## [What the task asks]
After locating the line with "Hellblaues Langarmshirt mit" in the entries below, set down exactly that line and each one after it to the end, skipping pictures.

Web page caption snippets
**********

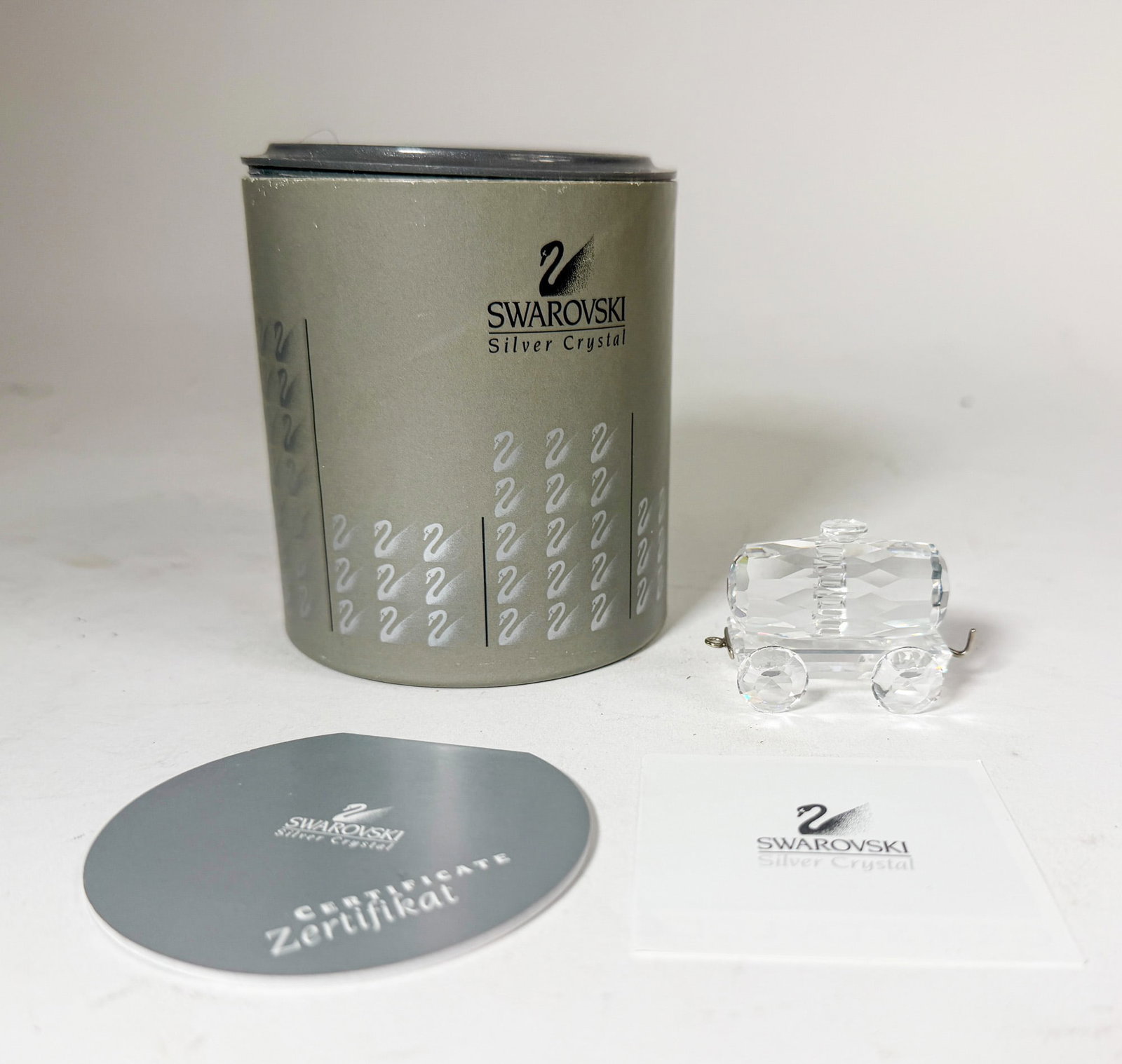 Swarovski Silver Crystal Tank Wagon IOB: Swarovski Silver Crystal Tank Wagon IOB Size 1.5" H Literature Brooks Auction – Online Auction Terms & Conditions Contact: (856) 694-2960 | info@brooks.auction READ BEFORE YOU BID: We want you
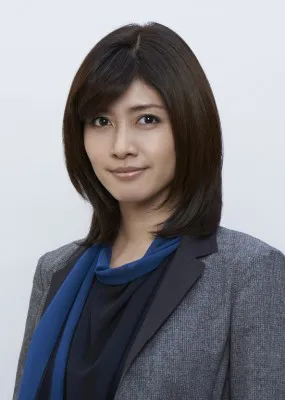 内田有紀は隼人の上司・濱田直美役。雑誌記者としてサキに不信感を抱いていく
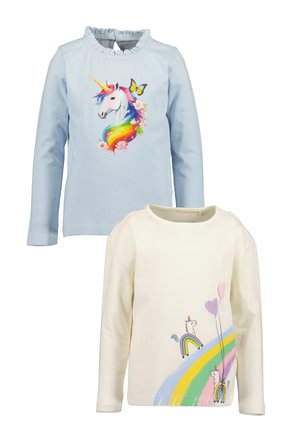 Hellblaues Langarmshirt mit Einhorn und Schmetterling; cremefarbenes Langarmshirt mit Einhörnern, Regenbögen und herzförmigen Luftballons.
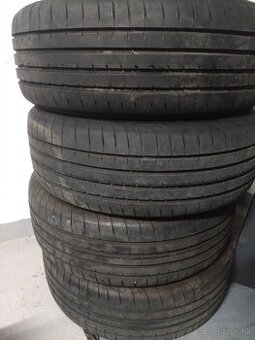 235/60R18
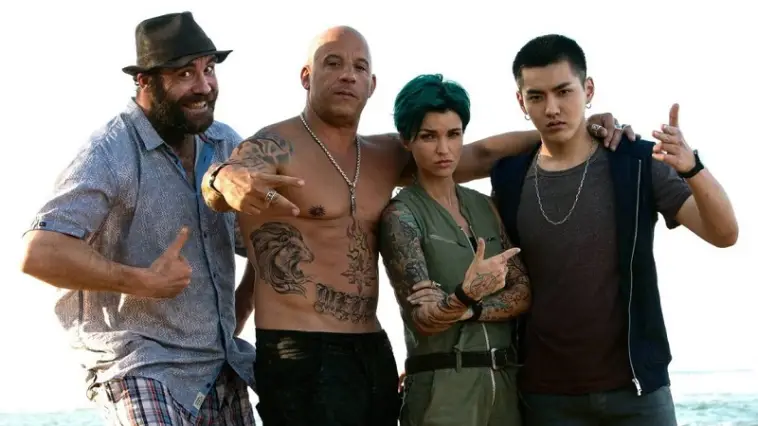 Quel est le but de l'équipe de Xander Cage dans "XXX: Return of Xander Cage" ?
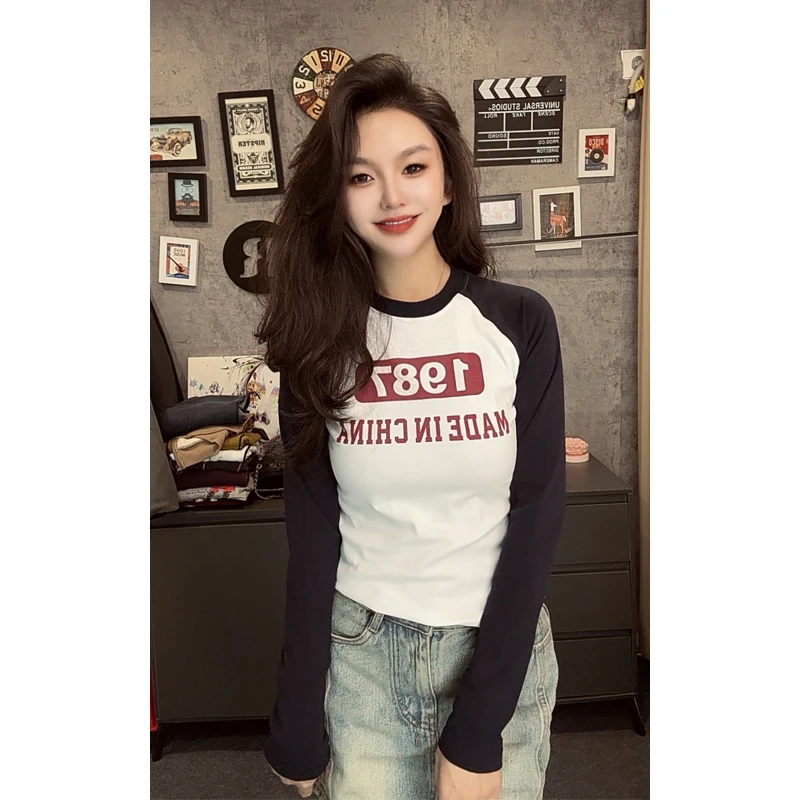 字母印花工艺拼接撞色高弹力插肩长袖棉T恤女修身显瘦秋季上衣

**********

## [The answer]
 Hellblaues Langarmshirt mit Einhorn und Schmetterling; cremefarbenes Langarmshirt mit Einhörnern, Regenbögen und herzförmigen Luftballons.
 235/60R18
 Quel est le but de l'équipe de Xander Cage dans "XXX: Return of Xander Cage" ?
 字母印花工艺拼接撞色高弹力插肩长袖棉T恤女修身显瘦秋季上衣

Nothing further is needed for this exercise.